What defense could he have against something that had the ability to appear and disappear at will, to shift itself from one form to another, a demon that seemed to match him for strength? Its only weakness seemed to be an inability to hold its shape when a great enough violence was done to it.

He wondered, too, why it had come to him in those forms, as a busybody old woman and a wiry black dog. Was it somehow reading his mind, making itself into the people and creatures he'd encountered in the recent past? Perhaps it would come to him next as Jex or the fireman or the girl by the river.

He opened the chest that contained his library, a collection of just a hundred or so books, accumulated over the centuries, some of them taken from the library in the church above, some from the wider city. He'd read many thousands of books across the centuries, but had discarded most, even from his memory.

This chest held all those Will considered important enough to treasure. He looked at them now, heavy volumes stacked upon each other, their ancient pages and covers, vellum and hide, protected from dust and time by the chest in which they were locked away.

There were volumes in Latin and Greek, and many more in English, or rather in many varieties of English, charting the course of his language over all this time. He could still read the handwritten and illuminated English of his childhood as easily as he could read the scribblings he'd found in Jex's notebook, even though they were almost two separate languages.

The thought of the notebook made him lower the lid of the chest again. He knew there wouldn't be anything in the books of his library that would help him understand what had just happened in the church. If anything, if there were answers, they'd be found in the notebook itself because he was convinced the events were related.

He felt a slight prickling on his skin, a sixth sense telling him that the sun had broken over the horizon in the city above. He knew how differently the city looked now, but when he thought of it at dawn, he couldn't help but see the early mornings of his childhood and it filled him with a wrenching sadness, for the mother he'd never known, for the half-brother who'd overtaken him and grown old and died, for the father who'd mourned his death, for the lost world of that other England.

Will slumped into a chair with the notebook and flicked through its pages. This is what that world had become, Jex and his dogs living in a disused warehouse where once there had been fields, surrounded by light and noise and machines where once there had been tranquility.

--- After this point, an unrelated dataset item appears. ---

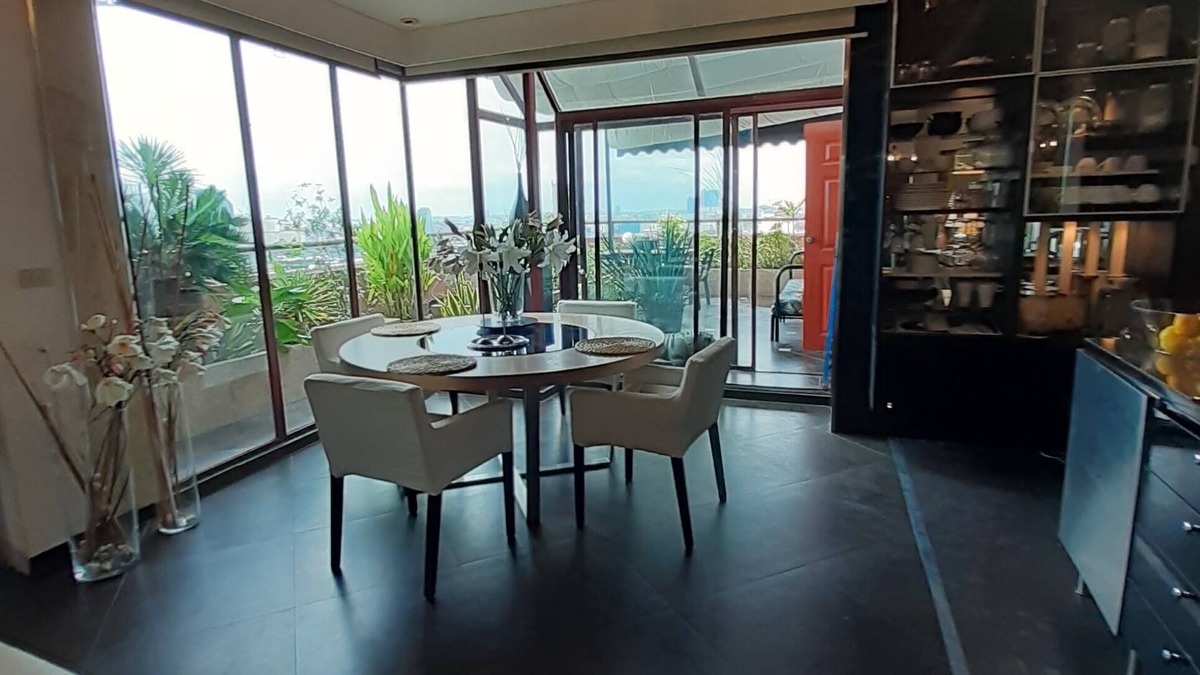 Bang Na Condo | Luxury Loft At The End Of Sukhumvit/Feel Living In A House.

But his mood lifted when he thought of all that had remained the same over the centuries, the city walls, some of its buildings and streets, and above all this church, standing proud like a beacon across time. And the people themselves, some of whom might have stepped with him from his own past, stopping only for a change of clothes.

He caught a glimpse of the girl's picture and stopped, opening the notebook to look at it once more. Something about her had enchanted him and he didn't know whether it was simply her beauty, for she
was
beautiful in an unhappy way, or a deeper sense that she was a part of all of this.

He didn't entirely believe in omens and portents, but Jex had given him a strange and demented sign in the form of this book and his dying words. It implied a destiny, just as the demon above had suggested there were forces that wanted to keep him from that destiny. And if Will had understood correctly, this girl
was
a part of it, perhaps even the key. If she was the girl Jex had spoken of then Will needed her, and though she probably didn't know it, she needed him.